- _Problem statement_
From the first line of the entries below through the line holding "Jau Kandhei - Lacquer Red Doll (Set of Two)", write out every line exactly, please, and leave out the pictures.

[Crawled caption data]
⁂
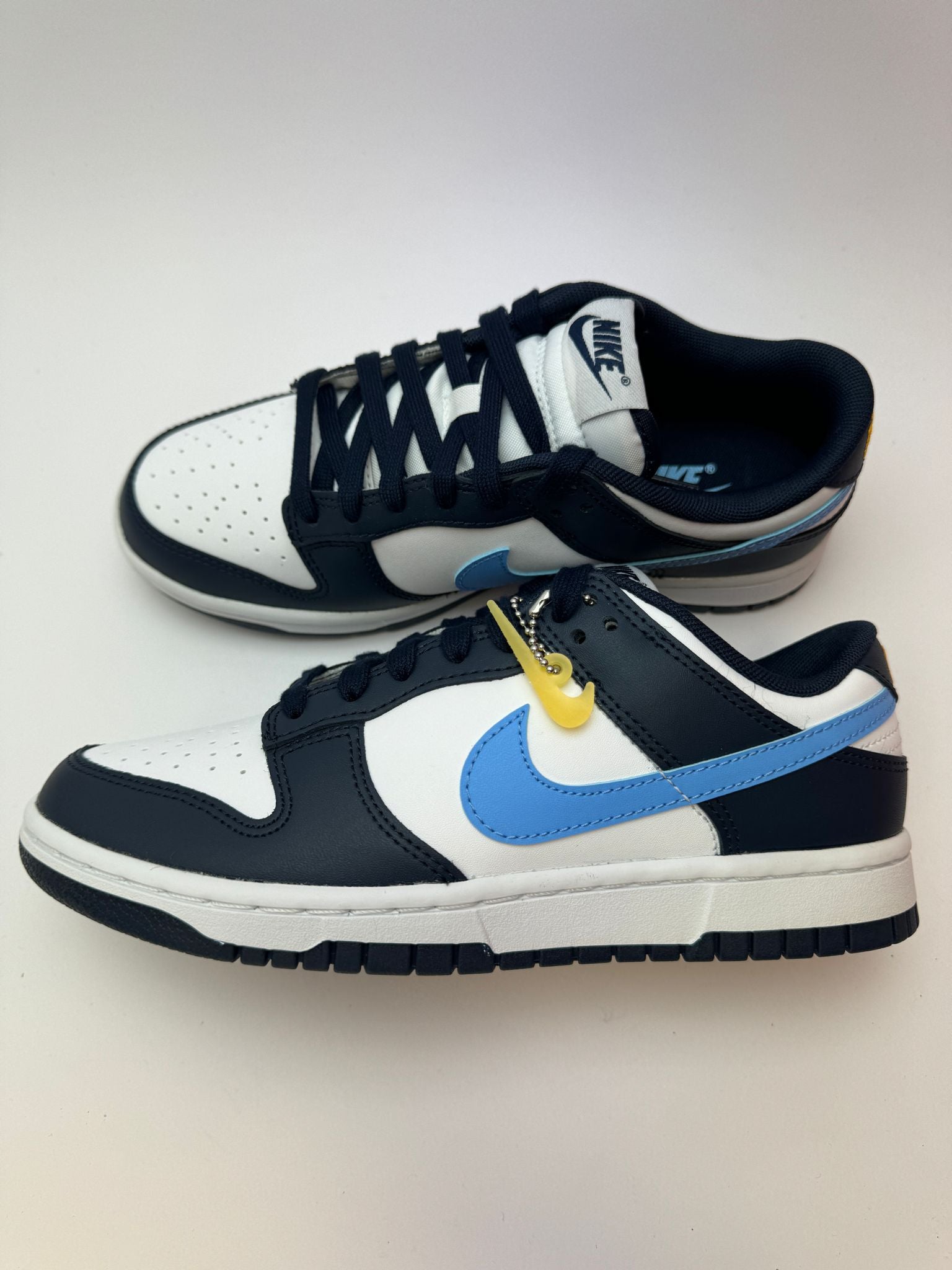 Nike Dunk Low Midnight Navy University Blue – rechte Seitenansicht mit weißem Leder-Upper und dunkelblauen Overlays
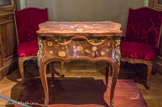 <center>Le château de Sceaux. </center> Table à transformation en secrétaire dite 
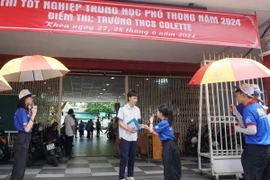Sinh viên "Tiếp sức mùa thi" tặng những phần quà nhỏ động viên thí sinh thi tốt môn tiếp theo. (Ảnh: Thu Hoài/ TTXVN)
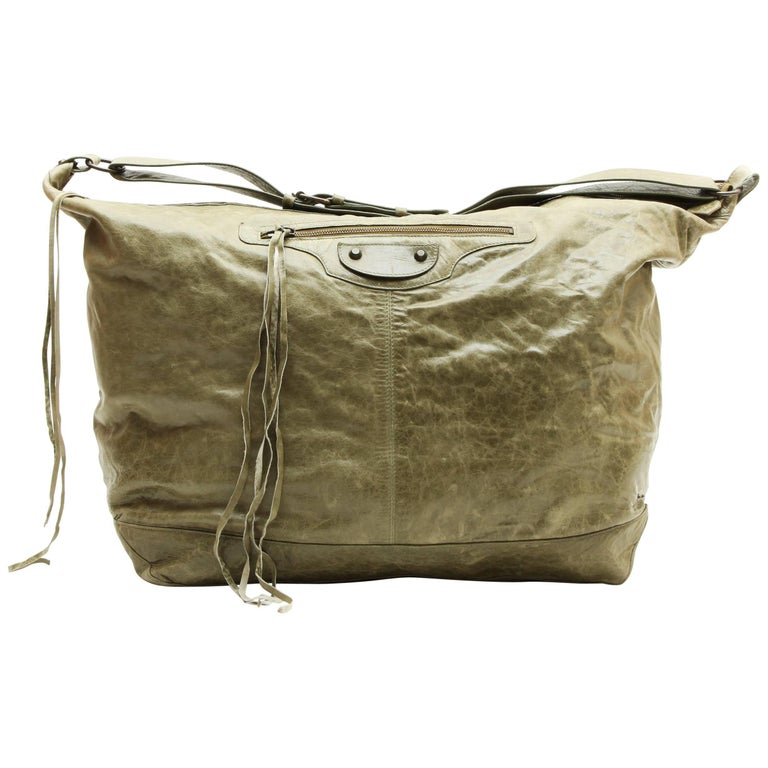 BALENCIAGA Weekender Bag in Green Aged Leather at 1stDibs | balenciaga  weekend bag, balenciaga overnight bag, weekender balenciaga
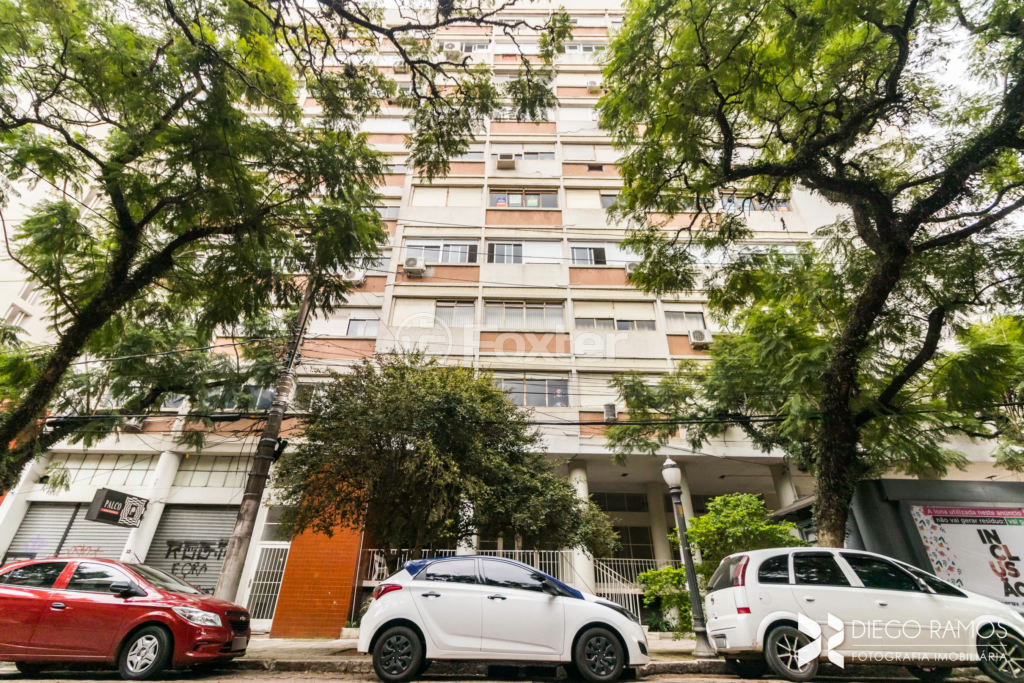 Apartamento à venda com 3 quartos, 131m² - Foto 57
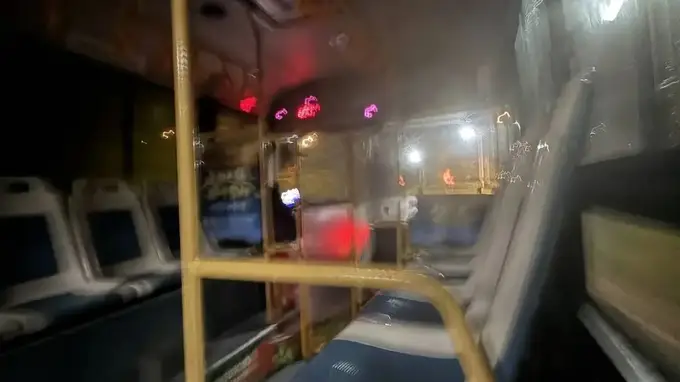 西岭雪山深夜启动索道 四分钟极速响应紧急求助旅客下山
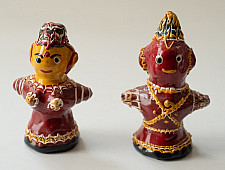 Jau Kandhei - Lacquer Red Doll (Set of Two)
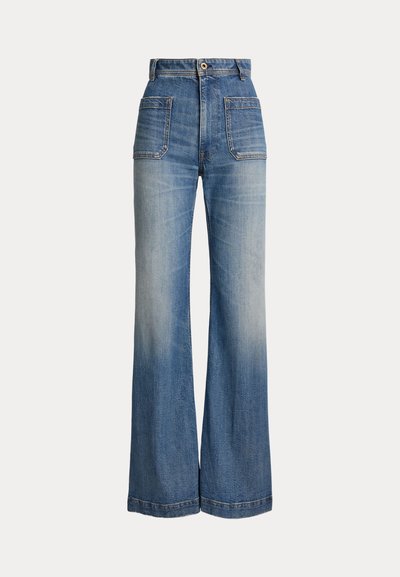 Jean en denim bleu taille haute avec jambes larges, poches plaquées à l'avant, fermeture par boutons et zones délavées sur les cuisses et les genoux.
⁂
- _Written answer_
 Nike Dunk Low Midnight Navy University Blue – rechte Seitenansicht mit weißem Leder-Upper und dunkelblauen Overlays
 <center>Le château de Sceaux. </center> Table à transformation en secrétaire dite 
Sinh viên "Tiếp sức mùa thi" tặng những phần quà nhỏ động viên thí sinh thi tốt môn tiếp theo. (Ảnh: Thu Hoài/ TTXVN)
 BALENCIAGA Weekender Bag in Green Aged Leather at 1stDibs | balenciaga  weekend bag, balenciaga overnight bag, weekender balenciaga
 Apartamento à venda com 3 quartos, 131m² - Foto 57
 西岭雪山深夜启动索道 四分钟极速响应紧急求助旅客下山
 Jau Kandhei - Lacquer Red Doll (Set of Two)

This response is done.